*Assignment*: Exact copies of all the records are to be output.

*Data for review*:
►

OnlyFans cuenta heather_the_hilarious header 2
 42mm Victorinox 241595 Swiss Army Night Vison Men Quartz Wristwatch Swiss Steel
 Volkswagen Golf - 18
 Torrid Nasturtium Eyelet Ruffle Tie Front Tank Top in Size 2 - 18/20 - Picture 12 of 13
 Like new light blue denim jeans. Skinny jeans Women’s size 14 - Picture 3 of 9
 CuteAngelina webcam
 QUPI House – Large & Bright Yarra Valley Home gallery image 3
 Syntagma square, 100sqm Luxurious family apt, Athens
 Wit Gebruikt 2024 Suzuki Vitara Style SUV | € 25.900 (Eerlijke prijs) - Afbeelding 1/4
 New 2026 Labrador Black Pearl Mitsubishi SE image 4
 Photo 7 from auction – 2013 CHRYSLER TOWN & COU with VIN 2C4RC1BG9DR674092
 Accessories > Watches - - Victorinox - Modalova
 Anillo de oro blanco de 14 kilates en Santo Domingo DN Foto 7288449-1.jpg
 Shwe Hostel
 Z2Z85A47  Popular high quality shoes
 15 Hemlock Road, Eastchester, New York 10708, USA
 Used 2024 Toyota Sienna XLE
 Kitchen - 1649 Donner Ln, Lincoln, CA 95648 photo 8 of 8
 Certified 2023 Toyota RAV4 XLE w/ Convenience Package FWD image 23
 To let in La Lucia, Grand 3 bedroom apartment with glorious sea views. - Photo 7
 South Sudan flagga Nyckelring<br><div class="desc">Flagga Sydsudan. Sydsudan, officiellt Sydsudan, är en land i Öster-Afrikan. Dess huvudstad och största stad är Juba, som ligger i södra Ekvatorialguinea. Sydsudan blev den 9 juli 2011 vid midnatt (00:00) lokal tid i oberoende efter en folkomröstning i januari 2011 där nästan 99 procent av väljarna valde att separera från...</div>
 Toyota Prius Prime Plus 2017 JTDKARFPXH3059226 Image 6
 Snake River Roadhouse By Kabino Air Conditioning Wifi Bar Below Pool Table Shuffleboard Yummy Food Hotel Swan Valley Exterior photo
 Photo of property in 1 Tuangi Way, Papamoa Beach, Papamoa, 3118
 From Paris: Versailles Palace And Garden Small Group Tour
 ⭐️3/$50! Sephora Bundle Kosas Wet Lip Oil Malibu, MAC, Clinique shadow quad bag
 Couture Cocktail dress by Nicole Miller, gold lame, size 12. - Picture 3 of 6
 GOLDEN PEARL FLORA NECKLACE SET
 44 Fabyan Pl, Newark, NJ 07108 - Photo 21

◄

*Output*:
OnlyFans cuenta heather_the_hilarious header 2
 42mm Victorinox 241595 Swiss Army Night Vison Men Quartz Wristwatch Swiss Steel
 Volkswagen Golf - 18
 Torrid Nasturtium Eyelet Ruffle Tie Front Tank Top in Size 2 - 18/20 - Picture 12 of 13
 Like new light blue denim jeans. Skinny jeans Women’s size 14 - Picture 3 of 9
 CuteAngelina webcam
 QUPI House – Large & Bright Yarra Valley Home gallery image 3
 Syntagma square, 100sqm Luxurious family apt, Athens
 Wit Gebruikt 2024 Suzuki Vitara Style SUV | € 25.900 (Eerlijke prijs) - Afbeelding 1/4
 New 2026 Labrador Black Pearl Mitsubishi SE image 4
 Photo 7 from auction – 2013 CHRYSLER TOWN & COU with VIN 2C4RC1BG9DR674092
 Accessories > Watches - - Victorinox - Modalova
 Anillo de oro blanco de 14 kilates en Santo Domingo DN Foto 7288449-1.jpg
 Shwe Hostel
 Z2Z85A47  Popular high quality shoes
 15 Hemlock Road, Eastchester, New York 10708, USA
 Used 2024 Toyota Sienna XLE
 Kitchen - 1649 Donner Ln, Lincoln, CA 95648 photo 8 of 8
 Certified 2023 Toyota RAV4 XLE w/ Convenience Package FWD image 23
 To let in La Lucia, Grand 3 bedroom apartment with glorious sea views. - Photo 7
 South Sudan flagga Nyckelring<br><div class="desc">Flagga Sydsudan. Sydsudan, officiellt Sydsudan, är en land i Öster-Afrikan. Dess huvudstad och största stad är Juba, som ligger i södra Ekvatorialguinea. Sydsudan blev den 9 juli 2011 vid midnatt (00:00) lokal tid i oberoende efter en folkomröstning i januari 2011 där nästan 99 procent av väljarna valde att separera från...</div>
 Toyota Prius Prime Plus 2017 JTDKARFPXH3059226 Image 6
 Snake River Roadhouse By Kabino Air Conditioning Wifi Bar Below Pool Table Shuffleboard Yummy Food Hotel Swan Valley Exterior photo
 Photo of property in 1 Tuangi Way, Papamoa Beach, Papamoa, 3118
 From Paris: Versailles Palace And Garden Small Group Tour
 ⭐️3/$50! Sephora Bundle Kosas Wet Lip Oil Malibu, MAC, Clinique shadow quad bag
 Couture Cocktail dress by Nicole Miller, gold lame, size 12. - Picture 3 of 6
 GOLDEN PEARL FLORA NECKLACE SET
 44 Fabyan Pl, Newark, NJ 07108 - Photo 21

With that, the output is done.